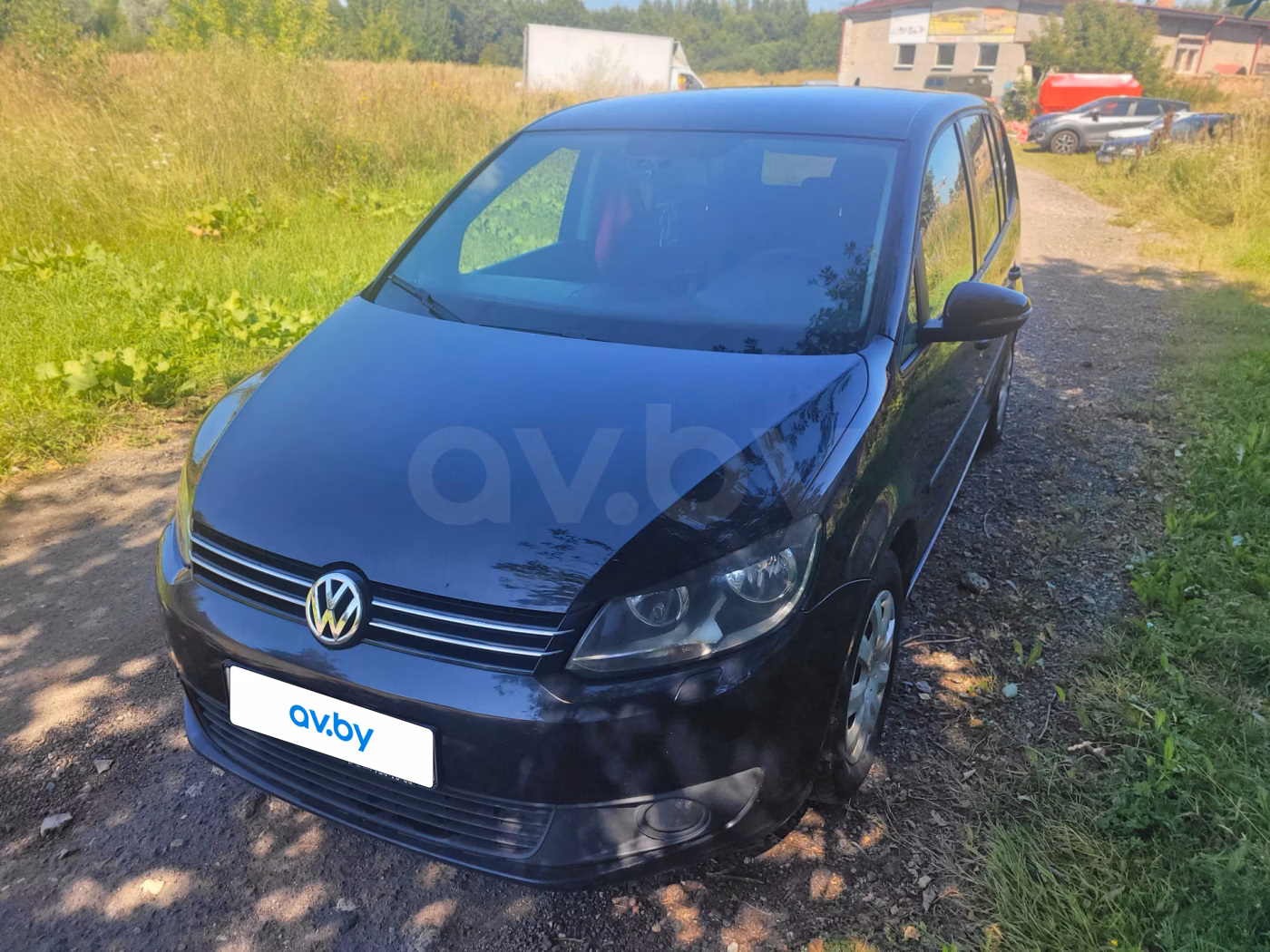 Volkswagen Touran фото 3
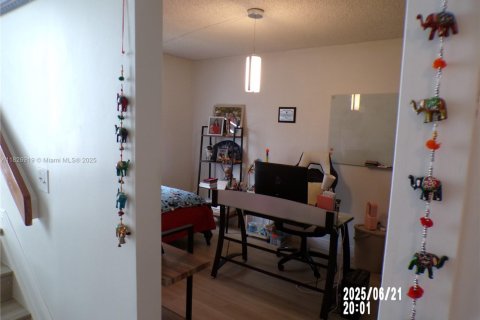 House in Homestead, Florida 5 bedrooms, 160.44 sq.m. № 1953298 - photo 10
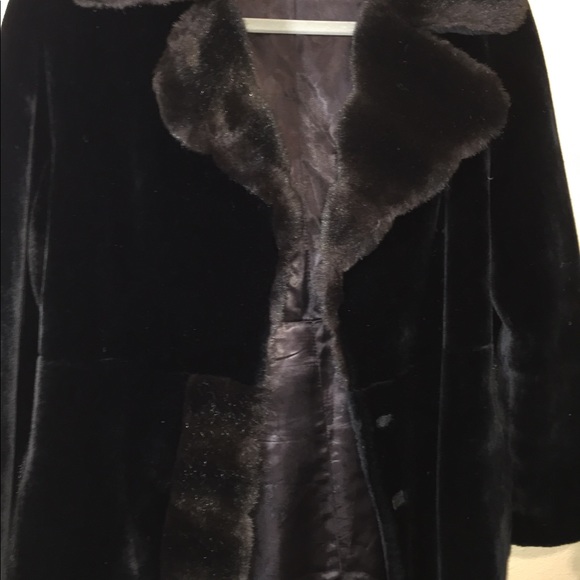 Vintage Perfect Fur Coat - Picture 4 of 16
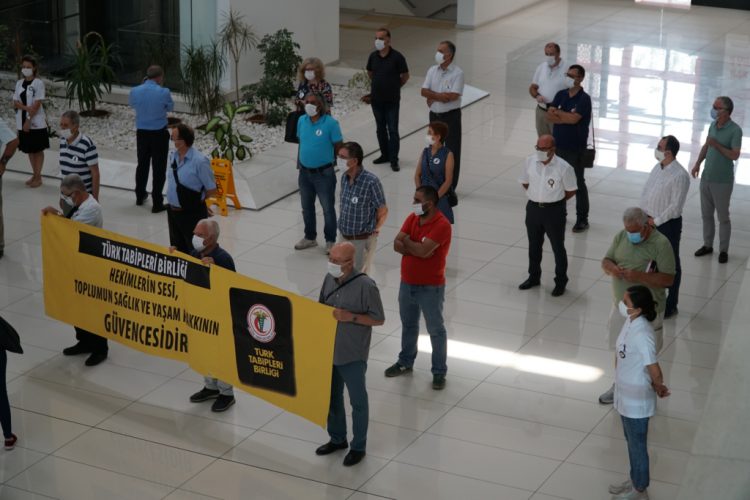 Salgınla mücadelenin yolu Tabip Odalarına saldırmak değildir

**Exercise aim**
In this exercise, set down all of the data exactly, without the pictures.

**Solution to the problem**
 Volkswagen Touran фото 3
 House in Homestead, Florida 5 bedrooms, 160.44 sq.m. № 1953298 - photo 10
 Vintage Perfect Fur Coat - Picture 4 of 16
 Salgınla mücadelenin yolu Tabip Odalarına saldırmak değildir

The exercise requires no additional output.